Data parallelism is about applying the same transformation (operation) to each piece of data. So, here the data changes, but the operation on the data pieces are always the same, i.e., capitalizing the all characters in a string (Here, we apply the same capitalizing task concurrently to each char element of the string). This is the simplest case you can face in parallel programming.

Task parallelism is about applying different operations to the same data set concurrently, i.e. computing average, standard deviation, and geometric mean of the same set of number.

Pure task parallelism is hard to find. Usually, it is found with data parallelism. We call this special case (task and data parallelism together) as pipelining. In this case, many independent tasks are applied to a steam of data, i.e. automobile assembly lines. Different items can pass through the different stages concurrently and pipelining can give you more opportunity, since you can reroute data or skip steps in special cases. The stream of data flow through the pipeline and a little work is handled at each step.

You can consider pipelining and data parallelism together and have coarse-grained parallelism that each individual (you can consider these “individuals” as the cores of the CPU) will apply the same pipeline of tasks for different data piece concurrently.

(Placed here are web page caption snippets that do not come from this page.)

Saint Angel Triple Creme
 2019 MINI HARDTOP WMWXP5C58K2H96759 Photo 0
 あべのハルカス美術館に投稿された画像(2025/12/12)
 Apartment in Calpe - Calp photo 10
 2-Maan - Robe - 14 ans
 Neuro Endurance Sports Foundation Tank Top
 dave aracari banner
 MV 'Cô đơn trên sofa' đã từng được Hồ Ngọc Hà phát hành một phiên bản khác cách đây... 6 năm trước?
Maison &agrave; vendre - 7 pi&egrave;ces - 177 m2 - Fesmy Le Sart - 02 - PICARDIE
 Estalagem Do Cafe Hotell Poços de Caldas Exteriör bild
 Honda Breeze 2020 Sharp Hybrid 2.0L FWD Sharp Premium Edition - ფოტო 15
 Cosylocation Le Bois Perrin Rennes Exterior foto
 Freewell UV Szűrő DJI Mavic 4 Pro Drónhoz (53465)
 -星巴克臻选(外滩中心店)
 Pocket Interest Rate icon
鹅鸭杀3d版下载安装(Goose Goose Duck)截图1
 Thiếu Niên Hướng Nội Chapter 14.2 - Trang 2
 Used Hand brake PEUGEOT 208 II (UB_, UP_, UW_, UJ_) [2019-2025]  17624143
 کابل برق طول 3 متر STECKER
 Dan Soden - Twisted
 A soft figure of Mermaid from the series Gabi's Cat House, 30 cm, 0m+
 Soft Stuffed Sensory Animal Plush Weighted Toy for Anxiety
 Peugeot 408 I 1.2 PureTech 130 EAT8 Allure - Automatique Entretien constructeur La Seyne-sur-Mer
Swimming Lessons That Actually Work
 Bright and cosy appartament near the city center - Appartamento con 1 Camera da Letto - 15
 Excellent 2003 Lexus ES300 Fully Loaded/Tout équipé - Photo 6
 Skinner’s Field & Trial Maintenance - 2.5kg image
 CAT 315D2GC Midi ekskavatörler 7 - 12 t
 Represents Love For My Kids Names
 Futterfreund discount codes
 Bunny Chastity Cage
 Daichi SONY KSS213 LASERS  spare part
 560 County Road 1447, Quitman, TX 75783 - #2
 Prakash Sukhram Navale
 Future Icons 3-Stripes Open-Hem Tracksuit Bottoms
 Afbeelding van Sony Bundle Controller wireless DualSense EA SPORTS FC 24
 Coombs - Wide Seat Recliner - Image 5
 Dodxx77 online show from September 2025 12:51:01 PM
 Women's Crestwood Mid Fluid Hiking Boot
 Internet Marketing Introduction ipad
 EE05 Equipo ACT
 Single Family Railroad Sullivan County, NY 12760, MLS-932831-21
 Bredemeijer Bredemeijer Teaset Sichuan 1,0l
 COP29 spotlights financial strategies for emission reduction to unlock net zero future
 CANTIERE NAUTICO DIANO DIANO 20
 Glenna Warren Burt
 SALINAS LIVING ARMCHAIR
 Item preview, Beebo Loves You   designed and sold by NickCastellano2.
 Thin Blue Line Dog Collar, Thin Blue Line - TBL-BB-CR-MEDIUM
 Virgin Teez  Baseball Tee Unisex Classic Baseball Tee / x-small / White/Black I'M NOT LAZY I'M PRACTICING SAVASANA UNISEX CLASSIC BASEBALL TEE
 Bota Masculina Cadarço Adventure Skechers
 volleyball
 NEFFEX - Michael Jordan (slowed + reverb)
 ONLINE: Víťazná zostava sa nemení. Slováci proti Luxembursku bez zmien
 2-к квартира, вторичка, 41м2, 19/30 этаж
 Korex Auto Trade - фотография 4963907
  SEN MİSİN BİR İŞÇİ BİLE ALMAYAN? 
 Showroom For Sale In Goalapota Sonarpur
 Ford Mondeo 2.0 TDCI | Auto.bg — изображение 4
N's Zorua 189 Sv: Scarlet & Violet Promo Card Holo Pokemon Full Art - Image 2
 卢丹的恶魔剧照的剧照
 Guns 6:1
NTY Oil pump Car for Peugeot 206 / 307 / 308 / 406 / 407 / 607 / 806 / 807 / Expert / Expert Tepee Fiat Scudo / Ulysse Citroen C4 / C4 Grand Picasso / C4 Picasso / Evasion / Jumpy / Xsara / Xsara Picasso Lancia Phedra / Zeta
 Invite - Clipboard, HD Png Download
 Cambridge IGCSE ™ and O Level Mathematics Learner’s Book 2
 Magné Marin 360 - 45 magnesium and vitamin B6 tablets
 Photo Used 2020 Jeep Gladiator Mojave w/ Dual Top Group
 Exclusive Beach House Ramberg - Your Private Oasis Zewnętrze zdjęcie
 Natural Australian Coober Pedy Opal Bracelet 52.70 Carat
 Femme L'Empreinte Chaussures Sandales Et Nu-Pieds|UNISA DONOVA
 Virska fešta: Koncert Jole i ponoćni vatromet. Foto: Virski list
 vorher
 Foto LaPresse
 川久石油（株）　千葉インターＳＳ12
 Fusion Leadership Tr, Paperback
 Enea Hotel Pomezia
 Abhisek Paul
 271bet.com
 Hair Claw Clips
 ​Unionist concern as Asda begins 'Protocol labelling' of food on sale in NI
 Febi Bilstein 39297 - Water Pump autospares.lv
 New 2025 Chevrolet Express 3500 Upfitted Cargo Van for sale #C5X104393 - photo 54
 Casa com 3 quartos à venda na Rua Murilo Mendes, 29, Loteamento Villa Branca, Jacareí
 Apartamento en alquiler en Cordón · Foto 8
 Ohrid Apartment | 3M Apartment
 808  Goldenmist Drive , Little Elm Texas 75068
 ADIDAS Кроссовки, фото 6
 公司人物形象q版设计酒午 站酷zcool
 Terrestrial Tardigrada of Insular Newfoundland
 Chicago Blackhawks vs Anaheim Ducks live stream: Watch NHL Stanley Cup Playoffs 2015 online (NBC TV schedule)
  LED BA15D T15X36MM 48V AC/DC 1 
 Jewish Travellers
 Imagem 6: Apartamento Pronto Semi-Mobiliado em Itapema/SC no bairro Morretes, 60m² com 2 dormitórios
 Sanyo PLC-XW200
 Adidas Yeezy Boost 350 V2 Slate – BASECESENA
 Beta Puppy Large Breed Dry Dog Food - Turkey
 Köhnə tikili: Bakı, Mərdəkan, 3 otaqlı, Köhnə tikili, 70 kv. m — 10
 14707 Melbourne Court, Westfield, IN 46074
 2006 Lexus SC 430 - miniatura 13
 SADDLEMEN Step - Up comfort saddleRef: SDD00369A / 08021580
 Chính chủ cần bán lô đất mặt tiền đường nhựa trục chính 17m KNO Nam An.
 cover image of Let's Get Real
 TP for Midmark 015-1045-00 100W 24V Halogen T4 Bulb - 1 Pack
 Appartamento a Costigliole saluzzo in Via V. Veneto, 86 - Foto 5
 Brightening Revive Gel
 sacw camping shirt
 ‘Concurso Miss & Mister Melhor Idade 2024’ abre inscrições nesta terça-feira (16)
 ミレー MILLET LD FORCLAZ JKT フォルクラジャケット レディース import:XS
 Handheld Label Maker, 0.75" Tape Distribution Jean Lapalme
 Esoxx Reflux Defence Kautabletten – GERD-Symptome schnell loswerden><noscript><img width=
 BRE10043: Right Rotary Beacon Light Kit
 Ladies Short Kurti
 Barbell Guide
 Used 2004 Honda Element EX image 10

You can also divide and group your “individuals” and get a hybrid of data and task parallelism. In this case, one “individual” is assigned to tasks A and B, one “individual” is assigned to task C, and 3 “individuals” are assigned to a heavy task, task D.

As you can see, for achieving to parallelism, you need to:

  • Balance the work load (assigning and moving (if necessary) the “individuals” around
  • Split up a task to more “individuals” (if necessary)

Thus, you need to define tasks and data into a level that you can explain and then split or combine the data, so you can match up with the available resource for handling the work.

TBB works in a similar way, but makes the things easier for you. TBB requires you to specify tasks and how to split them. For example, if you face with a data-parallel task, then you define a single task that you will give all the data. This task is split up automatically by TBB to use the available hardware parallelism.


Another important concept we should be aware of is scalability. Scalability is about structuring the problem to scale well and it is the measurement of how much your program speeds up when you add processor cores. We expect our programs to run faster on two processor cored machines than the single cored ones. Likewise, the programs run faster on four cored machines than the two or single cored ones, and so on.

However, there is a limit that adding more processor cores will not speed up and the program will not scale. Actually, if we reach to this point and force our program to use more cores, then it will result to performance fall since distribution and synchronization overhead will dominate.

If we use other systems, such as raw threads, we need to handle this situation and be sure that we split our data to a reasonable level. TBB, on the other hand, handle these problems internally.

There are Amdahl’s and Gustafson’s laws to decide how much our program can speed up.

Amdahl’s Law tells that a program can run as fast as the sum of the parts that we cannot make run in parallel (serial portions). Since, we cannot make them run in parallel, adding more and more processors loses its significance after some point. Consider that we have 5 segments in our program that takes 100 seconds to run. Let’s assume 3 of these segments are serial portions. We can add infinite number of processors and make 2 segments to run in 0 seconds, but since we cannot make anything for the serial portions, our program cannot run faster than 300 seconds. So, we can speed up the program only 1.66X.

Gustafson takes a different approach than Amdahl and considers the workload. He suggests that when the computers become more powerful, they handle more workload. So, according to him there is no reason to focus on a fixed workload. Let’s focus on our previous case that we have 5 segments (3 of them are serial portions). This time, let’s consider that each segment handles 100 work. So, at the beginning we would handle 500 work. Let’s assume we introduce 4 processors that can handle 100 work. In this way, we increase the work done to 700 work (speedup 1.4X). If we introduce 8 cores, we increase the work done to 1100 (speedup 2.2X). If we introduce N processors, then we would handle 2N100 + 300 work (speedup O(N)).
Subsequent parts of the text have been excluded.